### What is required
Report every line of the records that includes the word "Sale".
___ Dataset extract
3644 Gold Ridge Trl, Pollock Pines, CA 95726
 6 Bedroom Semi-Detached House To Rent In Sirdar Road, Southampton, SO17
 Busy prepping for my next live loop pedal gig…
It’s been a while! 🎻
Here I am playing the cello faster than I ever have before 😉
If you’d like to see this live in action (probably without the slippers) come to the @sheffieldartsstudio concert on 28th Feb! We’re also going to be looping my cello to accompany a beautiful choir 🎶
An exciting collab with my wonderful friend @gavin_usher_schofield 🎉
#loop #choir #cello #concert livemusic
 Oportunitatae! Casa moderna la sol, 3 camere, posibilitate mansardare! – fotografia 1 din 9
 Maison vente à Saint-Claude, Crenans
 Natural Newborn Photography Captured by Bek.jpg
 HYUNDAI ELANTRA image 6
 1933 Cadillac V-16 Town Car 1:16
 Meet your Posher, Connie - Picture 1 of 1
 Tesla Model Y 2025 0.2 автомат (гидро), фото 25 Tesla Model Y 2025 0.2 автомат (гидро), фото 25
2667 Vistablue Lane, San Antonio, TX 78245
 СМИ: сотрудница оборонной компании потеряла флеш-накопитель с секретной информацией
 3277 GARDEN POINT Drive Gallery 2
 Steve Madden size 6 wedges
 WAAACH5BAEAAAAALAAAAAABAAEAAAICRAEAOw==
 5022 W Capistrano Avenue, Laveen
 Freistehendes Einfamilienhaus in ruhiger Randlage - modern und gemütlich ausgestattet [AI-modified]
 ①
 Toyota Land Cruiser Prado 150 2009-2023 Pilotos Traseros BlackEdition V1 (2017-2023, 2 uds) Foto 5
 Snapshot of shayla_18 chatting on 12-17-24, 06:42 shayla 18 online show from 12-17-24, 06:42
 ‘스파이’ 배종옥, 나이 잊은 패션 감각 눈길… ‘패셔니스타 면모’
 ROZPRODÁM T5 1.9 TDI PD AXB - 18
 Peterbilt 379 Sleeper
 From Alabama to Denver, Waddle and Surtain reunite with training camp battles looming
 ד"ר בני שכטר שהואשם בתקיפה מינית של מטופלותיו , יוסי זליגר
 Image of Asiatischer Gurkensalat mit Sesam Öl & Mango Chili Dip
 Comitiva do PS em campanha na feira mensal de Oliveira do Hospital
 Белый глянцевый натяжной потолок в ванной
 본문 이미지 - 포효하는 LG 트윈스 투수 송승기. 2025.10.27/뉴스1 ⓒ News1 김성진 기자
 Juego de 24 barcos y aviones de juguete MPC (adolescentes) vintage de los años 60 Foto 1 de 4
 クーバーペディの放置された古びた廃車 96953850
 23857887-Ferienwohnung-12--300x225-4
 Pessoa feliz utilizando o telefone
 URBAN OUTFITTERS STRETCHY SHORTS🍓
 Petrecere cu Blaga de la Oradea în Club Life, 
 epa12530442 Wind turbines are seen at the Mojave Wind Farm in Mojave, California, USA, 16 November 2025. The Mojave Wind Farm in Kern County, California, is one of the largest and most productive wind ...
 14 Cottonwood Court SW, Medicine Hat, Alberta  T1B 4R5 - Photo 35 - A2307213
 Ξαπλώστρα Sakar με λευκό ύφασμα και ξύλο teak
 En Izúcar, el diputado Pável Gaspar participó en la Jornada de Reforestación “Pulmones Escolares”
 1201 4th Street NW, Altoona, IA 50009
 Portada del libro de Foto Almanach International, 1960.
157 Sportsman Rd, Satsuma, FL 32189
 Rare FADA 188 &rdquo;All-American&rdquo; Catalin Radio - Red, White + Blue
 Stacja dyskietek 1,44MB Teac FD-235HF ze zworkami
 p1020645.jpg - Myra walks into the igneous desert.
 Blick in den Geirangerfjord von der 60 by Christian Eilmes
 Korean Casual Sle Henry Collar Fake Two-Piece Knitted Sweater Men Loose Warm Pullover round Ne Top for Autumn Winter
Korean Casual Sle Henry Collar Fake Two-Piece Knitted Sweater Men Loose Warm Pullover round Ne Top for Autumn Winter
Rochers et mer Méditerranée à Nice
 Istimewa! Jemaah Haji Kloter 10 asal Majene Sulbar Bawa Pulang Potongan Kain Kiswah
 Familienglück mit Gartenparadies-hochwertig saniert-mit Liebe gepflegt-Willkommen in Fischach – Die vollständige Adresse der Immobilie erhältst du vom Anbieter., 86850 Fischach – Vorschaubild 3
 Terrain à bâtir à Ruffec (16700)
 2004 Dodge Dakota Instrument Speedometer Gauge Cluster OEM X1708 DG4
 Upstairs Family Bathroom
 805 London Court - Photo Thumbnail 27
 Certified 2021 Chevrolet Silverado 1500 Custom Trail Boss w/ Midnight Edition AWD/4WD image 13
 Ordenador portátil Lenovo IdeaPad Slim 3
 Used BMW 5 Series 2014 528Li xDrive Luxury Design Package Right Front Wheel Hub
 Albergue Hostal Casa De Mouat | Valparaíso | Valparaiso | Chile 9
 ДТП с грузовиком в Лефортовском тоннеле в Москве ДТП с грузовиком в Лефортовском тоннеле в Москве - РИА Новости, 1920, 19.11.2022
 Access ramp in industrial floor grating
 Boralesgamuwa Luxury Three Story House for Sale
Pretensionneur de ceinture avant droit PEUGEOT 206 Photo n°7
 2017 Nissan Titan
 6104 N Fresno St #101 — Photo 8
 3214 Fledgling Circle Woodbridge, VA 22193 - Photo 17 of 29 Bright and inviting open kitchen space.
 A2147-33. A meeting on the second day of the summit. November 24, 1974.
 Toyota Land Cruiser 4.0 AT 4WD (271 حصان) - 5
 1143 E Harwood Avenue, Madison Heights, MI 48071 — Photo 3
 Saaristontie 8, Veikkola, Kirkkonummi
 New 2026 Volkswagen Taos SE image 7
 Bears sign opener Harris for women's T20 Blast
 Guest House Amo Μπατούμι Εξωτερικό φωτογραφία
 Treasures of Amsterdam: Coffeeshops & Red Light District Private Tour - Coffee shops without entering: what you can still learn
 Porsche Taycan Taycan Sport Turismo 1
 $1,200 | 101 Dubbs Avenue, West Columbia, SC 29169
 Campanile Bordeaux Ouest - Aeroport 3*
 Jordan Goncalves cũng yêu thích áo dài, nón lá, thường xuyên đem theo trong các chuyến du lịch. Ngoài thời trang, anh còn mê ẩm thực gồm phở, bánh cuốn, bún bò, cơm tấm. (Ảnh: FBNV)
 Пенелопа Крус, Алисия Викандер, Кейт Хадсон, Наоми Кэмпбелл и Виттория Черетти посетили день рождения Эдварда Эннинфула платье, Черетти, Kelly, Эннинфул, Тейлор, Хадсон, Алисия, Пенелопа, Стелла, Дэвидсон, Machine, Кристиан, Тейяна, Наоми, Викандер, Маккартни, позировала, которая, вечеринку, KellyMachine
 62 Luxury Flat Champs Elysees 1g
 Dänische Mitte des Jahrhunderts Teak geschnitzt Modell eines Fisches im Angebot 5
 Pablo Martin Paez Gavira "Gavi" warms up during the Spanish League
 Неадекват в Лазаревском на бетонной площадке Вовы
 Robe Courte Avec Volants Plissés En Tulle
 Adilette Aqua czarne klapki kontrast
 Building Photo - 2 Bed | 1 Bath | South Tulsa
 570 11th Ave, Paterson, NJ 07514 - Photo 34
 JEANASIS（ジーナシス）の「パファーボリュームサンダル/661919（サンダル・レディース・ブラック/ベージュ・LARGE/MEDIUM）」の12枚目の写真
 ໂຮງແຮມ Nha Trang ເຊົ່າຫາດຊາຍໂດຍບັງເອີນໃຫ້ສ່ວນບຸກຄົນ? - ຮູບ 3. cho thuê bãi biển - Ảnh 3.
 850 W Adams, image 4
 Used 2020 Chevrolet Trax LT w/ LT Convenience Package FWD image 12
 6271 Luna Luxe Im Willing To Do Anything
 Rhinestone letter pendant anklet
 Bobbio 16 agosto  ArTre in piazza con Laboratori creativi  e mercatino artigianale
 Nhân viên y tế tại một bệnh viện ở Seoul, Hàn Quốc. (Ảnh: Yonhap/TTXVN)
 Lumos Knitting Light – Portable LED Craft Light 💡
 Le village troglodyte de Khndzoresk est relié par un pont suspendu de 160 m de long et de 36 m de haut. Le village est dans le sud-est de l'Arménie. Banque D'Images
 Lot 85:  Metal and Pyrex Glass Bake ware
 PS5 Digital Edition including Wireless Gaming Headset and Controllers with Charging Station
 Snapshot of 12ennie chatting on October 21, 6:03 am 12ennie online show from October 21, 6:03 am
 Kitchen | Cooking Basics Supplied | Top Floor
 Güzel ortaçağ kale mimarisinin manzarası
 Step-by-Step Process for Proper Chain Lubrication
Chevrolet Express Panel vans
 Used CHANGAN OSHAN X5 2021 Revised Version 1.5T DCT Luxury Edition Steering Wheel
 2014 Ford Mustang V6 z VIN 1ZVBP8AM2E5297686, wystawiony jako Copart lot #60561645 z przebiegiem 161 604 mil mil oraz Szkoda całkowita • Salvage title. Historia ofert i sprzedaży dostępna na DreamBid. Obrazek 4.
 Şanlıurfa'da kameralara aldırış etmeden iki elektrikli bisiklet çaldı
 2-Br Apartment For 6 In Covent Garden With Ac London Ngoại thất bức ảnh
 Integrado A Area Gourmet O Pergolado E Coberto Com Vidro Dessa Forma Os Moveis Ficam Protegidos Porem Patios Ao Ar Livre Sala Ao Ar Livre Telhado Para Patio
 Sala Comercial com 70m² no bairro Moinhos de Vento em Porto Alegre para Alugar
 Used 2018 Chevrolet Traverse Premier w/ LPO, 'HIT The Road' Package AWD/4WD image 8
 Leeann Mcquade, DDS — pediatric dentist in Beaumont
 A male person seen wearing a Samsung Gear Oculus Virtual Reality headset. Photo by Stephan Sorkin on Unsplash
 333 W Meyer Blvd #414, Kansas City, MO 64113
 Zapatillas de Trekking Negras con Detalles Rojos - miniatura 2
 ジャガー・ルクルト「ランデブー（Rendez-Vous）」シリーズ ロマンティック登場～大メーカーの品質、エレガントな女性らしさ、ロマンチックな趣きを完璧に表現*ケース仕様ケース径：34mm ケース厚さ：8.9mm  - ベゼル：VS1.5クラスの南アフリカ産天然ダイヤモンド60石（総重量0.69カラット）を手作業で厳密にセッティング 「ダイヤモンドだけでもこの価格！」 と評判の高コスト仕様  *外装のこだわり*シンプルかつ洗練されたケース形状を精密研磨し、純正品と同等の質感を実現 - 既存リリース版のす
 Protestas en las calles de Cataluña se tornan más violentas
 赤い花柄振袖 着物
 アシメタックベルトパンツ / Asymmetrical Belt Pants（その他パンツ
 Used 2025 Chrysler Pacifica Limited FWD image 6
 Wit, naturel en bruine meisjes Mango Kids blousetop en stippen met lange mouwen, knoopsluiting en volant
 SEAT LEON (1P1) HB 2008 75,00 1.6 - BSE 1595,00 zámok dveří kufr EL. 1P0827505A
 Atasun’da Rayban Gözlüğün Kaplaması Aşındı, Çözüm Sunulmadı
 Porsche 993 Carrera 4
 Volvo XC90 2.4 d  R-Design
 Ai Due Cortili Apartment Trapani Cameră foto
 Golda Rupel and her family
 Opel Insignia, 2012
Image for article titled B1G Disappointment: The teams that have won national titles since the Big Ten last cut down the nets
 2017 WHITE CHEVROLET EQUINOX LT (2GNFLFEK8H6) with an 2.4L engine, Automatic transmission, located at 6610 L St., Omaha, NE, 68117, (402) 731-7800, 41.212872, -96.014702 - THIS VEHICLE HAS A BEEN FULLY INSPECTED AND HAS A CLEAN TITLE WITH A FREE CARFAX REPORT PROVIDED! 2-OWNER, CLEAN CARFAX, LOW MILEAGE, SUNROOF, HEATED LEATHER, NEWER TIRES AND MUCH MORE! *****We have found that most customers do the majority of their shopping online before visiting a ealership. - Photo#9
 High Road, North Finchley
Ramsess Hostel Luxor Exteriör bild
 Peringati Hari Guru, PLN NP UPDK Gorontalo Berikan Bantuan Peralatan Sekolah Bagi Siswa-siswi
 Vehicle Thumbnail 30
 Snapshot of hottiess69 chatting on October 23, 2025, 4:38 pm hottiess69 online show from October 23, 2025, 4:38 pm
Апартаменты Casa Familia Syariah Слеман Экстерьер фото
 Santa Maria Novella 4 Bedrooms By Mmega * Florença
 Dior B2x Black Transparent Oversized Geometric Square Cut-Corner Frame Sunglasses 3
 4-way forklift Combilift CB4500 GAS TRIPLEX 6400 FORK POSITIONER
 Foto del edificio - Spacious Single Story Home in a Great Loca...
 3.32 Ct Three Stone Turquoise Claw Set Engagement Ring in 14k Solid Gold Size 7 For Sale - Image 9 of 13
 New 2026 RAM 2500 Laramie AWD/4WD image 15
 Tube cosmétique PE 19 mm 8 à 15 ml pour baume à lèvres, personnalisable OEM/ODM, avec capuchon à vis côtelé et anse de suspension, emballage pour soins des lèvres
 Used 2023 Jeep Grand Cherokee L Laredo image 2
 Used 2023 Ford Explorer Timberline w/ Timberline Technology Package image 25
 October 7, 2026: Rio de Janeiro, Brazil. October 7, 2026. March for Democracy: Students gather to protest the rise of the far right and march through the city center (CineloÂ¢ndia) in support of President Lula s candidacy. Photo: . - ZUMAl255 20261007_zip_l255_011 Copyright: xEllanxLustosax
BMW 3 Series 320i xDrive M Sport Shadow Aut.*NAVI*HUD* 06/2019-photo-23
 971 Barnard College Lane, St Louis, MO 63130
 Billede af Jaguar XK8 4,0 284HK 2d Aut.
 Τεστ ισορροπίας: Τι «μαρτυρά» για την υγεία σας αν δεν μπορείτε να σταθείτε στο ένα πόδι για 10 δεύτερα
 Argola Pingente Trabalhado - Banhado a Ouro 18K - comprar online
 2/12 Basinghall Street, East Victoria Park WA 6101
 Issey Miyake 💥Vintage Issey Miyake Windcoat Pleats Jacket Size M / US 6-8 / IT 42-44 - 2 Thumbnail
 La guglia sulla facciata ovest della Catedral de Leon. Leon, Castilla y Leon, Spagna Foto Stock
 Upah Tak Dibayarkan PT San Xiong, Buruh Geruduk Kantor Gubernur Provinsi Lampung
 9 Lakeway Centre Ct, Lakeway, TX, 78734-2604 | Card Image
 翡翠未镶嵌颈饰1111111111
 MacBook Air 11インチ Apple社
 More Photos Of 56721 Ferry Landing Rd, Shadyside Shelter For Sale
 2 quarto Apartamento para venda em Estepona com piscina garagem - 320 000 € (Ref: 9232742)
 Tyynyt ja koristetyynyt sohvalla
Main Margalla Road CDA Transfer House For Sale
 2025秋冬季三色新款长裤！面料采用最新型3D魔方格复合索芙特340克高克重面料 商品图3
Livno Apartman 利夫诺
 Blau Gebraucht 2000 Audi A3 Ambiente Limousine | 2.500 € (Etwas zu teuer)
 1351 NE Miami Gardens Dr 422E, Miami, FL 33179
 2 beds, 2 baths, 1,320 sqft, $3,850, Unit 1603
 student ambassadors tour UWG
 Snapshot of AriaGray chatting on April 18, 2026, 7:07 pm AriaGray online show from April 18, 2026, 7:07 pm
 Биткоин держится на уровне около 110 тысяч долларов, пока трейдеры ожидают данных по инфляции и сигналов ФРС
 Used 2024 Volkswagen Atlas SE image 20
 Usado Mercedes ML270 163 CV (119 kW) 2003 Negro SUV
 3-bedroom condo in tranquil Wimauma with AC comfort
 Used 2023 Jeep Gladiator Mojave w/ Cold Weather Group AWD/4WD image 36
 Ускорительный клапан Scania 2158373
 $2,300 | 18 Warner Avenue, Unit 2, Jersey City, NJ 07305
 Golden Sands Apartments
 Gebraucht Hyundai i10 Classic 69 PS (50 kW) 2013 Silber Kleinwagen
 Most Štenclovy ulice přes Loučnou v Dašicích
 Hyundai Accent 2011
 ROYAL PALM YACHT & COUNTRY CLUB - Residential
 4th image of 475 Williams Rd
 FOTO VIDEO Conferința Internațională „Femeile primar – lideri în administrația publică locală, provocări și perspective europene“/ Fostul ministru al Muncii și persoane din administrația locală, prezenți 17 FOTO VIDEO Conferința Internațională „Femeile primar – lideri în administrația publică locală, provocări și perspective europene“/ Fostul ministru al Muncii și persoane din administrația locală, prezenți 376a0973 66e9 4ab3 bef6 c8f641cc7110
______
### Answer section
 Boralesgamuwa Luxury Three Story House for Sale
 3.32 Ct Three Stone Turquoise Claw Set Engagement Ring in 14k Solid Gold Size 7 For Sale - Image 9 of 13
 More Photos Of 56721 Ferry Landing Rd, Shadyside Shelter For Sale
Main Margalla Road CDA Transfer House For Sale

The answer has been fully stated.